In wildlife preservation, pandas are said to be “charismatic megafauna”—big, appealing creatures that attract attention to the cause. In men’s tennis, Diego Schwartzman may qualify as charismatic microfauna. Both are rare in their respective ecosystems, and charming to behold, though Diego, fortunately, moves much, much faster. When the 28-year-old dips his racket to begin his serve, it comes within inches of scraping the court. Within seconds of watching him flit around the court, you notice that the proportion of racket to arm is unlike any other you have seen out there, and you see his play does not resemble the play of anyone else in his profession. You realize that he is effectively alone in men’s tennis: a dominant player who stands 5-foot-7, in a field that is increasingly populated by men who wouldn’t look out of place in an NBA backcourt. Having stood next to Schwartzman, I suspect that his official tour measurement is a little generous, too.

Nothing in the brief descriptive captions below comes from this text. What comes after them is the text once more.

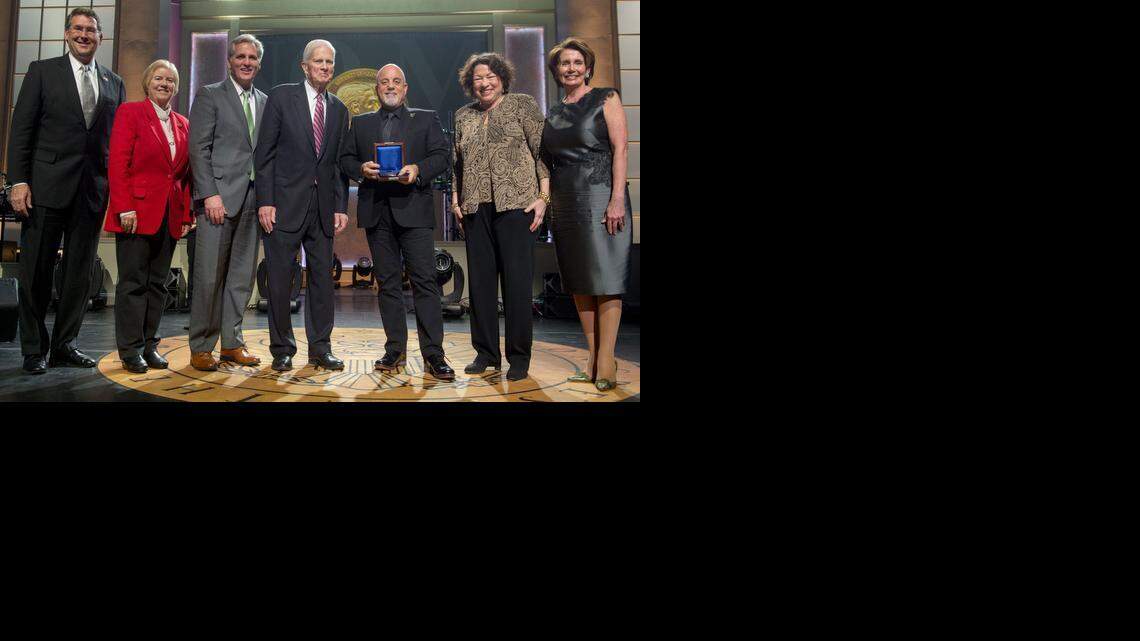 Rep. Gregg Harper, R-Miss., Rep. Candice Miller, R-Mich., House Majority Leader Kevin McCarthy, R-Calif., Librarian of Congress Dr. James H. Billington, Billy Joel, Supreme Court Justice Sonia Sotomayor and House Democratic Leader Nancy Pelosi, D-Calif. (left to right) pose for a photograph after a ceremony awarding the 2014 Gershwin Prize to Billy Joel at the DAR Constitution Hall in Washington, D.C. on Nov. 19, 2014.
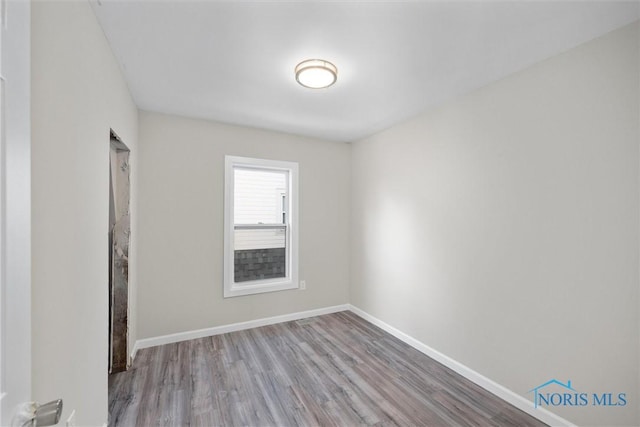 empty room with light hardwood / wood-style flooring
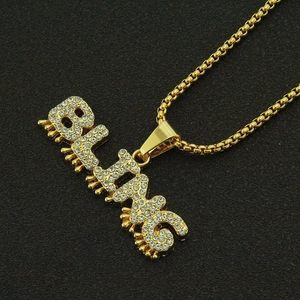 Collier hip-hop doré avec pendentif BLING serti de cristaux et effet goutte d'eau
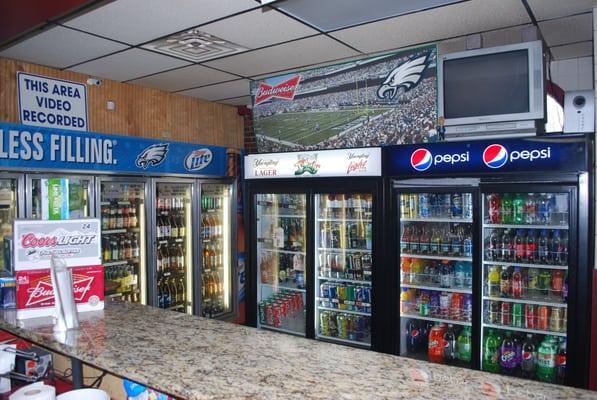 Full selection of soda, juice, and 22 and 40 oz bottles of beer.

At the 2017 U.S. Open, Schwartzman became the shortest man to reach a major quarterfinal in 23 years; he’d reprise that performance at the 2019 U.S. Open. He has flirted at the edges of the top 10, having reached No. 11 in the world, and will be right up there again after making it to the finals of the Italian Open last week. Along the way, he became one of a handful of men to beat Rafael Nadal on clay in recent history. Should Schwartzman eventually break into the top 10, he would become the shortest top-10 player since the 5-foot-6 Harold Solomon hit those rankings heights in the late '70s. This era is dominated by 6-footers blasting big serves and profiting off the easy points. Those points aren’t available to Schwartzman; the angles required for him to hit serves that big aren’t physically possible. The work gets that much harder. So appreciate the Argentine known as “El Peque”—Shorty—while we have him. Because if you have spent a few hours watching him slay an ace-flinging giant, or hurl himself off the hard court to strike a ball seven feet in the air, or bludgeon forehands over 100 mph, you will realize the little dude in the backwards hat has one of the most entrancing skill sets in his or any sport. The narrative he creates does not escape his notice: “I read David and Goliath when I was young in the school, and I just try to think of that when I see Kevin or the guys who are two metres,” he told reporters after a French Open win over 6-foot-8 Kevin Anderson in 2018.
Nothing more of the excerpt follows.